What it produces: A locked, exportable specification that serves as the contractual basis for implementation. JSON, CSV, and PDF exports preserve the full hierarchy and custom ordering.

Key principle: Deliberate commitment. Signing off means the team agrees: this is what we're building. Locking prevents accidental changes to a specification that may already be in development. Unlocking is possible but requires explicit authorisation.

Exit criteria: The feature is signed off and locked.

Feature states

As features move through stages, their state changes:

PlanningNominatedApprovedCategorisedFinalised

Features can also be Held (parked in Review for later decision) or Rejected (not needed for this project).

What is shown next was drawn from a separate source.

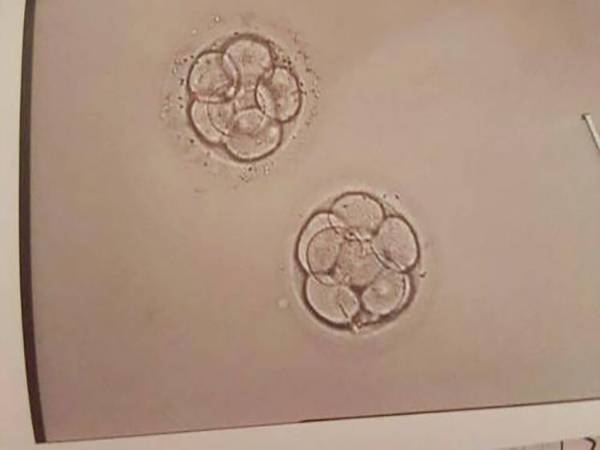 5BB囊胚和4BB囊胚可以同时移植吗？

The state is always visible, so the team can see at a glance where every feature stands.

Not waterfall

The four stages provide structure, but they don't require sequential, phase-gate execution. You can:

  • Start with one feature set and build out as you go
  • Add three new features to an existing product without specifying the whole system
  • Have features at different stages simultaneously
  • Go back and add more features to Plan while others are in Create
The stages ensure quality - every feature goes through the same rigour. But the order in which you work through features is up to you.